So far, we have used radargrams to represent the data collected by GPR sensors. In order to create these images, some processing is required. Here, we discuss how raw GPR data are processed before they are represented using radargrams.

Travel Time to Depth Conversion

The data measured by the GPR system is the amplitude of the signal as a function of its two-way travel time. However, interpretation can be made easier if the information can be represented in terms of depth. Because of this, an apparent depth axis is frequently added to the right-hand side of the radargram.

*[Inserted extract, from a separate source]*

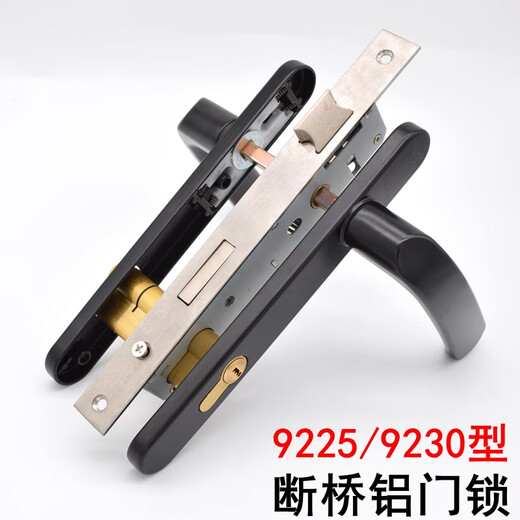 XMSJ custom 92259230 aluminum alloy door lock 9235 broken bridge aluminum inner and outer sleeve door lock balcony door handle double 9230 gold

To convert the two-way travel time to apparent depth, we must choose a propagation velocity. This may be acquired from the initial radargram, from a-priori information, or sometimes left as the speed of light (\(c = 3.00 \times 10^8\) m/s). The conversion between each vertical axis is given by:

\[d_a = \frac{V t}{2}\]

where \(d_a\) is the apparent depth, \(V\) is the propagation velocity and \(t\) is the two-way travel time. Below, we see an example where the propagation velocity is \(V = 0.13\) m/ns. From this, we can infer that the linear feature in the radargram is roughly 7-8 m away from the source and receiver.


Fig. 125 Example of a radargram with apparent depth on the right axis. This assumes a propagation velocity of 0.13 m/ns.

Gain Correction


Fig. 126 Example gain function which corrects for a loss in signal strength at later times.

Signals measured at earlier times are much stronger than signals which are measured at later times. This may be due to scattering, attenuation, geometric spreading or reflection/transmission events. As a result, it may not be easy to distinguish important features in the data at later times. To account for this, the raw data \(d_{raw}(t)\) for each reading is multiplied by a gain function \(g(t)\) as follows:

\[d(t) = g(t) \times d_{raw}(t)\]

where \(d(t)\) is the data represented in the radargram. The gain function itself is a positive function which increases in magnitude as a function of time. Thus a larger gain is applied to raw data at later times. An example of the gain function is shown on the right. As we can see, the gain function increases in value exponentially to account for the exponential loss in return signal strength over time. However, the gain function is generally bounded by a maximum value.


Fig. 127 (Left) Single trace before gain correction. (Right) Single trace after gain correction.

The strength of returning signals is also much weaker at distances further away from the source. Because of this, gain corrections may be applied based on Tx-Rx distance. This is not necessary for common offset surveys, but may be important in common midpoint or transillumination surveys.


GPR signals travel at velocities close to the speed of light (c = \(3.00 \times 10^8\) m/s). As a result, the total travel times for GPR signals are on the order of 100s of nanoseconds. Because of this, it is easy to repeat the same GPR shot many times over a short interval.

Stacking describes the process of averaging a set of repeated GPR shots in order to reduce noise and improve interpretation. Essentially, stacking acts as a way of improving the signal to noise ratio for GPR data collected at a certain location. An example of this is demonstrated below. As we can see, the more readings we stack, the clearer we see coherent GPR signals.


Fig. 128 Example of how averaging multiple traces from the same Tx-Rx pair can improve the signal to noise ratio. This results in an improved image of the returning signal.


Smoothing is another technique used to improve the interpretation of field collected GPR data. In GPR systems, the data sampling rate is such that the returning wavelet signals should be reasonably smooth and visible. Random noise on the other hand is completely incoherent. When smoothing is applied to the data, it has the effect of reducing the amplitude of incoherent noise while retaining naturally smooth signals in the data. One example of smoothing techniques is the moving average (shown below). We can see that as more data points in time are used for the average, the more easily recognizable the wavelet signal is.


Fig. 129 Example of smoothing a trace by using a moving average.